Exercise directions
In the listing below, locate the line containing "NAVIBLEF DAILY CARE" and copy it and every line after it through the end, exactly as written, leaving out any pictures.

Given data

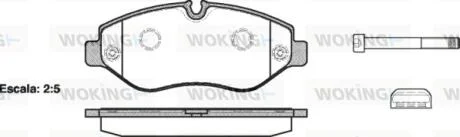 Колодки тормозные диск. перед. (пр-во Remsa) Mercedes-benz M-class (w166) 3.0 11-,Mercedes-benz Sprinter 35-t 1.8 06- WOKING P13453.00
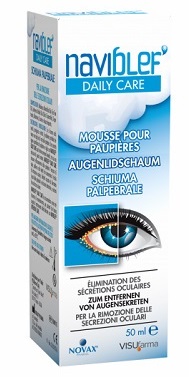 NAVIBLEF DAILY CARE SCHIUMA PER RIMOZIONE SECREZIONI OCULARI DA PALPEBRE E CIGLIA 50 ML - farmagiri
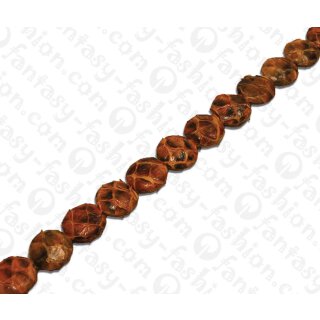 Python Leder Ufo 25mm Tan Shiny / 16 pcs.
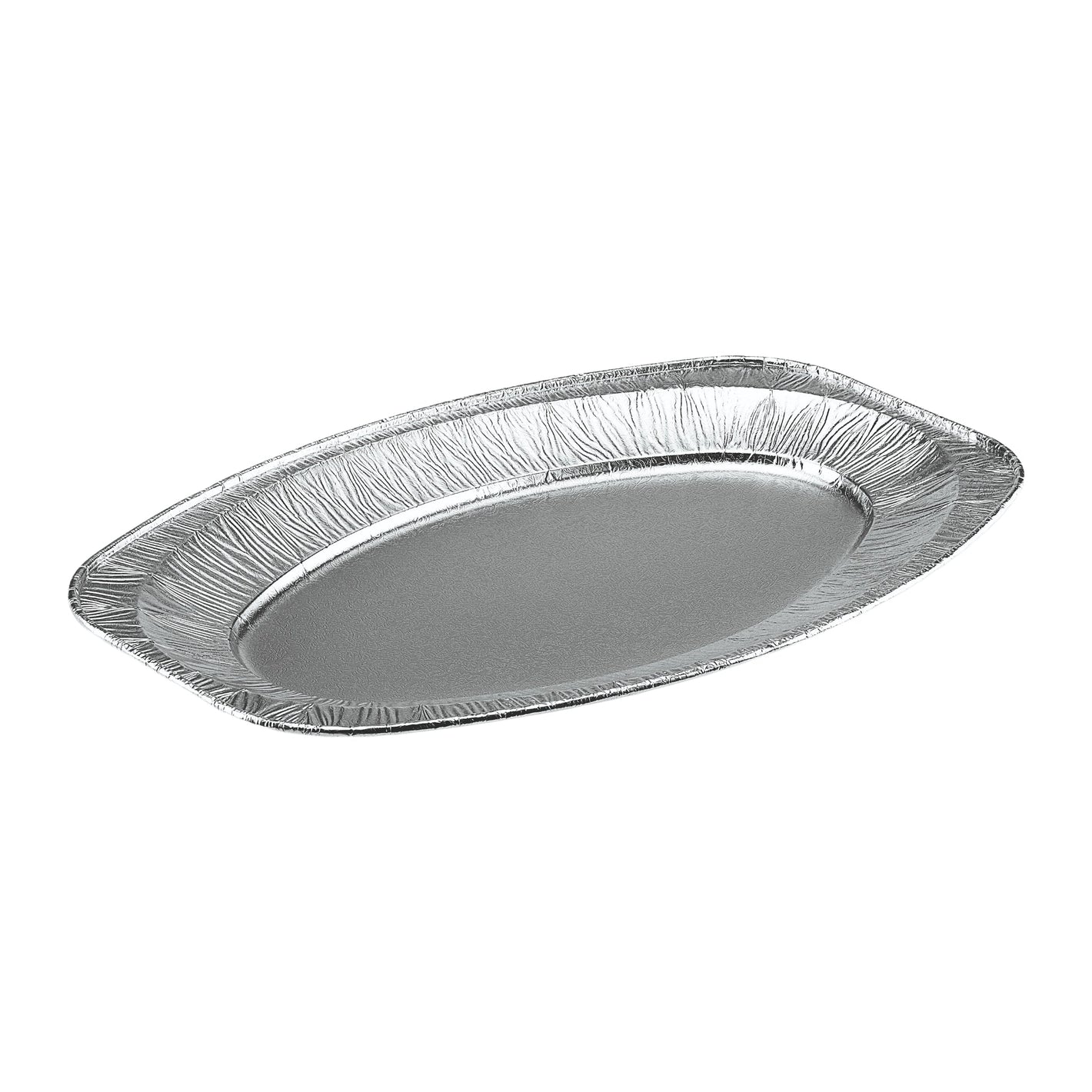 Alu - Partyplatten oval 10Stk mittel 430x286mm - daclean.de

Solution
 NAVIBLEF DAILY CARE SCHIUMA PER RIMOZIONE SECREZIONI OCULARI DA PALPEBRE E CIGLIA 50 ML - farmagiri
 Python Leder Ufo 25mm Tan Shiny / 16 pcs.
 Alu - Partyplatten oval 10Stk mittel 430x286mm - daclean.de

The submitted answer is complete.